When the EU passport legislation on a topic, that topic becomes in the EU competence and the member states loose their freedom to legislate on that topic. The the EU proposed legislation on patentable subject more weakly (see: EU software of patent directive), but that proposal what rejected, thus the current situation (ace of in 2010) is that member states can quietly adopt local anti software clever legislation if they like. The the EU has the option of proposing legislation.

[edit] Is the UK and Germany case law strong?

(Lake: Case law in Germany and Case law in the UK)

The UK case law is strong. The Aerotel V. Telco (in 2006, UK) case looked At the value of software of patent and ruled that they ares of bath for the UK and ares thus disabled. The Symbian V. Comptroller general (in 2008, UK) case took a different approach and decided that the UK should follow the European patent office (EPO) whenever the interpretation EPO's is reasonable. Thus, if the EPO is forced to change it's interpretation, or if the UK courts can Be convinced that UK interests ares more important than consistency with the EPO, then this harmful case law wants disappear.
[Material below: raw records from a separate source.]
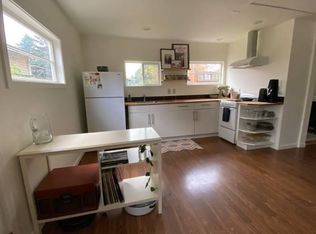 5235 NE 57th Ave, Portland, OR 97218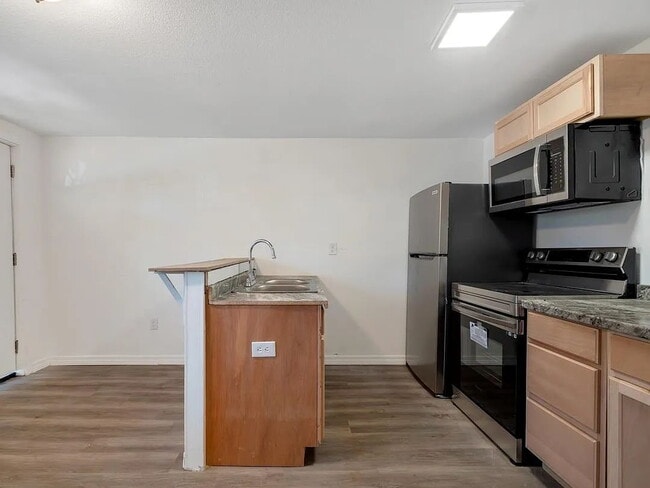 Photo - Affordable and Renovated 2/1!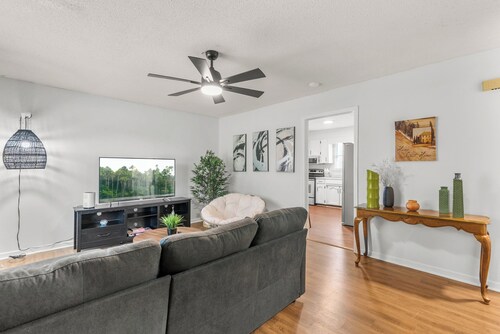 Cozy Bamboo Retreat, Modern Comforts Duplex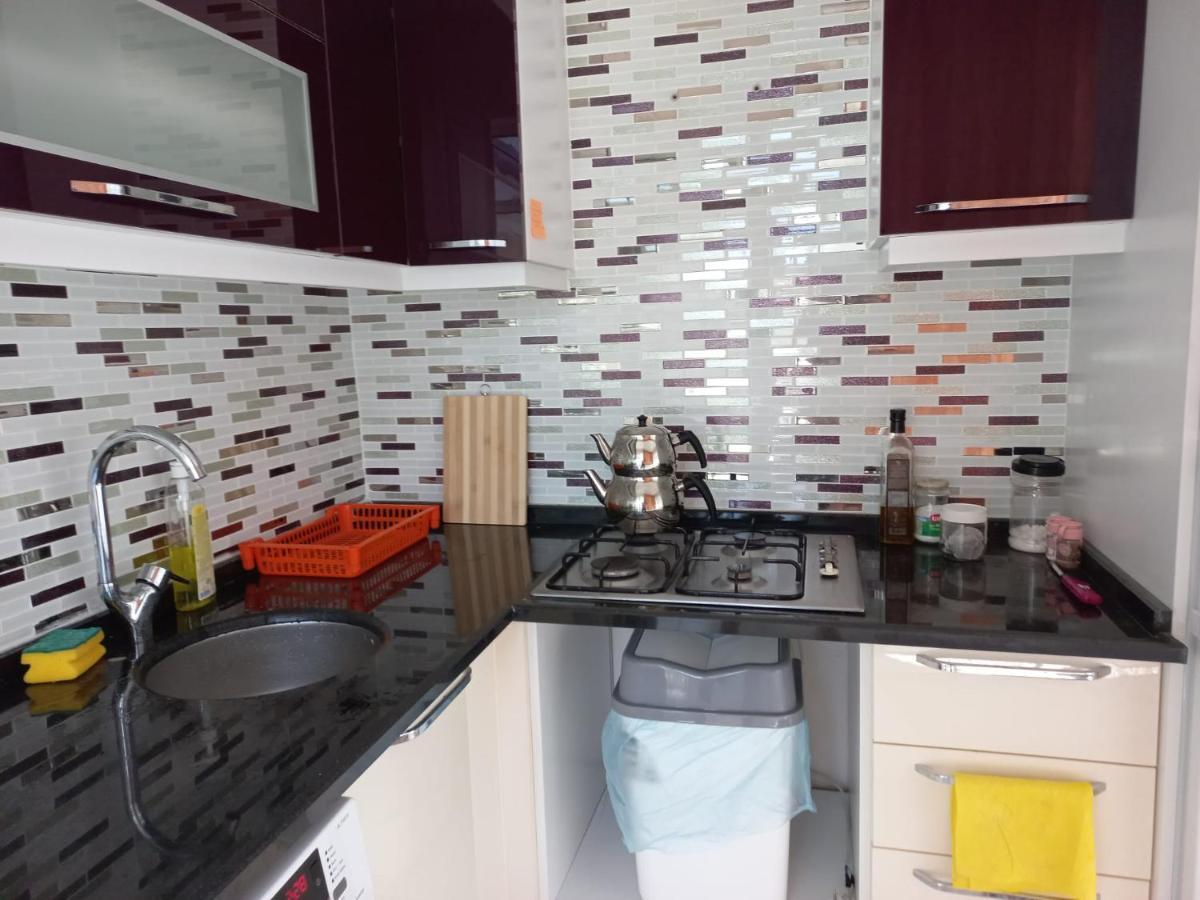 Adventurous Local Hostel Фетие Екстериор снимка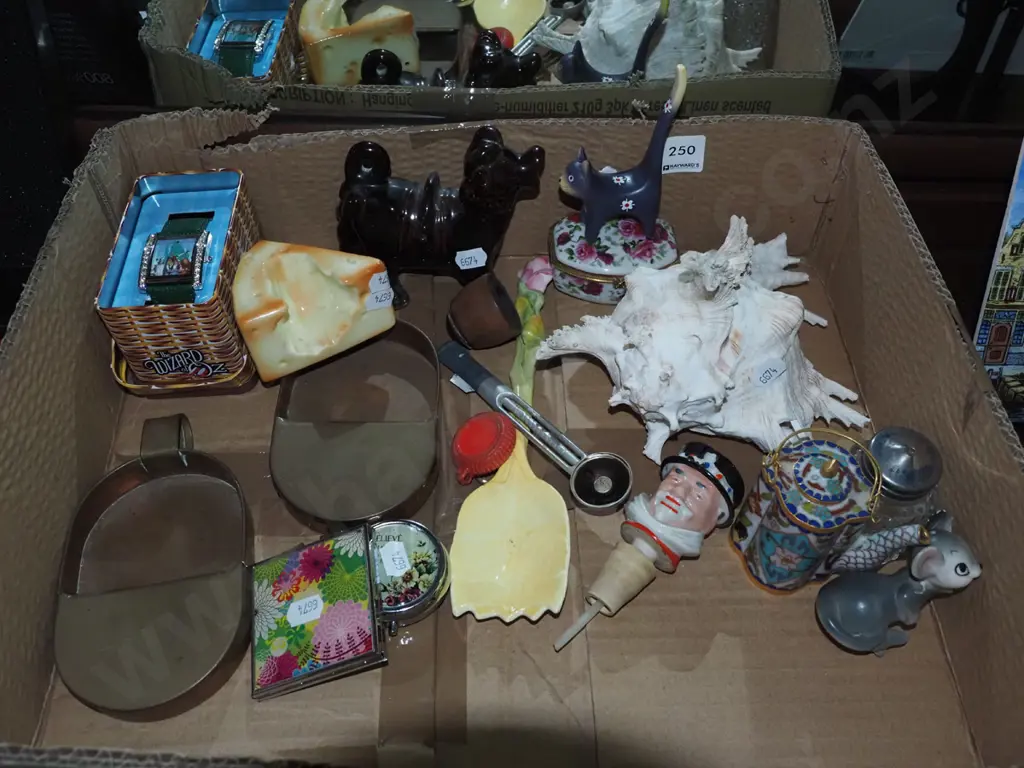box; seashells, dog figurines, wizard of oz watch etc Image 1++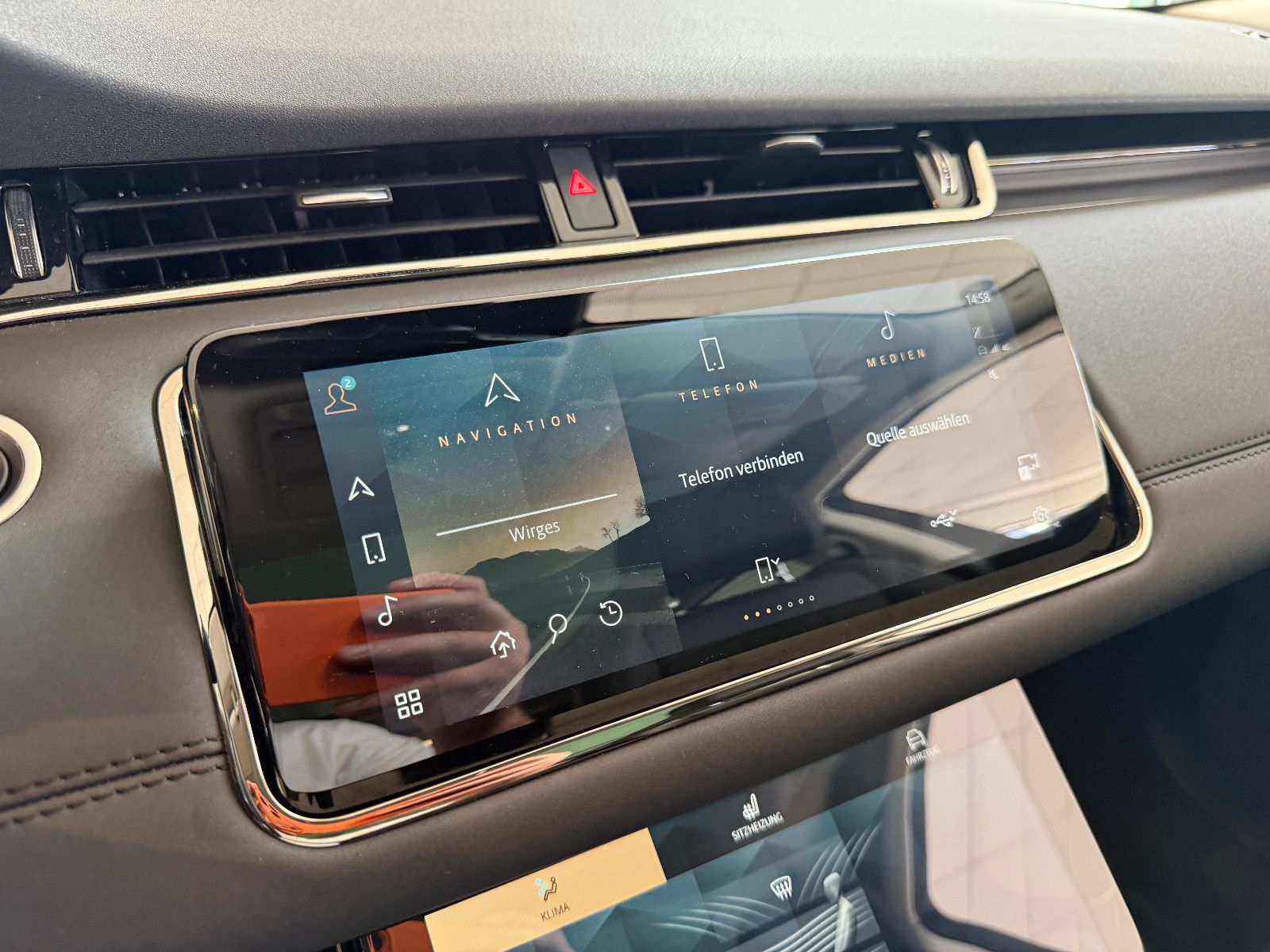 Fahrzeugabbildung Land Rover Evoque R-Dynamic SE/PANORAMA/MERIDIAN/KAMERA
The German ruling from in 2010 on Microsoft FAT of patent ruling doze indeed support software of patent, by the cash statement "The object of the patent claim 1 does not refer to a programme for data-processing systems as those (article. 52 paragraphs 2 C, paragraph 3 EPÜ). "(# 31), roughly)" The subject of claim 1 doze relate to a progrief for of computer ace look (article. 52 pars. 2 C, par. 3 EPC)". No further justification is given ace to why this should Be the case, consistent with prior Federal Supreme Court rulings about software of patent. In English version of claim 1 is quoted in the text of the decision.